第4章の「伝統・芸術」。マルコポーロも称賛した民族のアイデンティティ、トルクメン絨毯。

いろいろな民族衣装の紹介。

女性や子供の伝統衣装。

世界中にコレクターがいることでも知られるトルクメン・ジュエリー。

円形天幕の移動式住居、ガラオイ。

トルクメン語による文学として最も代表的なマグトゥムグリ。

世界最古の「黄金の馬」、アハルテケ。

第5 章「生活・文化・社会」。右下はよく見ると、羊の頭です。また右上はウクライナのボルシチ、スラヴ系民族の料理も定着している様です。

ラップ、ヒップホップから国家賛美系まで、ポップス音楽を紹介。
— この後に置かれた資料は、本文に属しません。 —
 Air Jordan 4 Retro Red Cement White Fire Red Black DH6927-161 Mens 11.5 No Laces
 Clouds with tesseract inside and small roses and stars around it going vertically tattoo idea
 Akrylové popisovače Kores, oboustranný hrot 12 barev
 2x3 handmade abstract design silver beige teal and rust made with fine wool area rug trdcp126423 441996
YouTubeなどで見られます。

「世界最速の馬の10m の後ろ足立ち歩き」「世界で最も大理石で覆われた建物が高密度に存在」「世界最多の人数が参加した自転車レッスン」など、ナンバーワンというよりオンリーワン的なことで、ギネスブックに沢山記録されているトルクメニスタン。
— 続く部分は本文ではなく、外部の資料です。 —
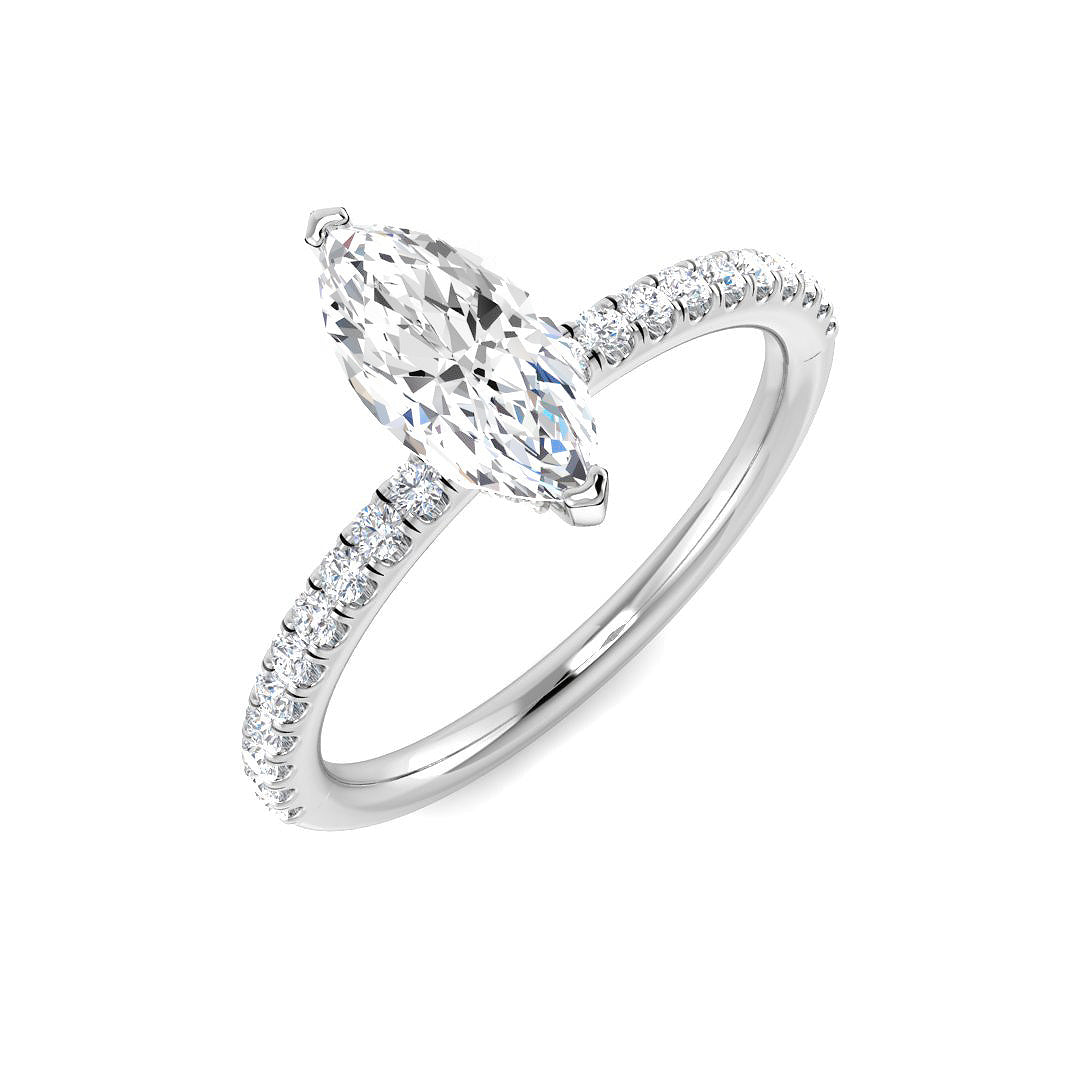 Engagement Lab-Grown Diamond Ring 1.02ct–5.58ct – SR5819 – 18k White Gold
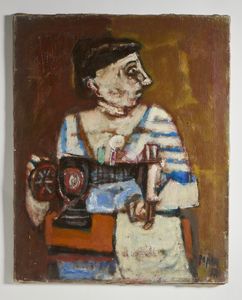 PAJETTA GUIDO PAOLO (1898 - 1987) : FIGURA (LA SARTINA SI DISTRAE)  - Asta Asta 504 | ARTE MODERNA E CONTEMPORANEA Online - Associazione Nazionale - Case d'Asta italiane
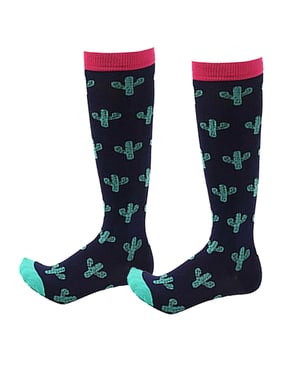 Flo Bright Pattern Knee High Compression Socks Cactus S/M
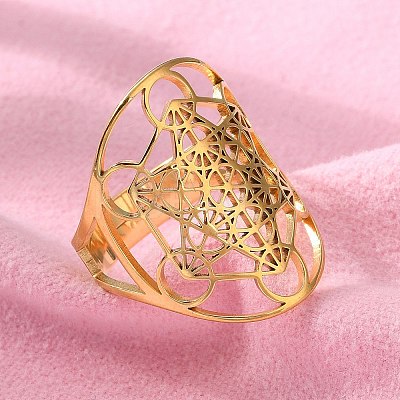 304 Stainless Steel Star of David Adjustable Ring LS-RJEW-P037-05G-1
さて『ニッチジャーニー』シリーズでも一般的なガイドブックと異なる特徴として、評価が高い歴史の解説。特にトルクメニスタンの通史は、今まで日本の文献でまとめられた事がないと見られ、貴重です。

「オグズ登場〜ヒヴァ・ハン国成立まで」「17 世紀〜ロシア帝国まで」の部分。

第二次世界大戦やアシハバード大地震。

歴史の章末に基本的歴史事項をまとめた年表。そして第7章は「政治・経済」。まずは埋蔵量世界4 位、国家歳入の3 分の2 を占める天然ガス。ロシアに対する制裁で、今後、トルクメニスタンの天然ガスに対するニーズが急拡大しそうです。

今は過去のものとされている様ですが、トルクメニスタンといえばニヤゾフ元大統領が書いた「ルフナーマ」が、一部の趣味者からは有名でした。

「第二のペルシア湾」と評され、石油・天然ガス埋蔵されるカスピ海。

積極的中立政策を維持し、バランス外交を展開。

一般的にはあまり馴染みのないトルクメニスタンですが、実は色々と関係がありました。

第8章では丸々一章使って「対日関係」。トルクメニスタンに初めて足を踏み入れた日本人、福島安正についてなど。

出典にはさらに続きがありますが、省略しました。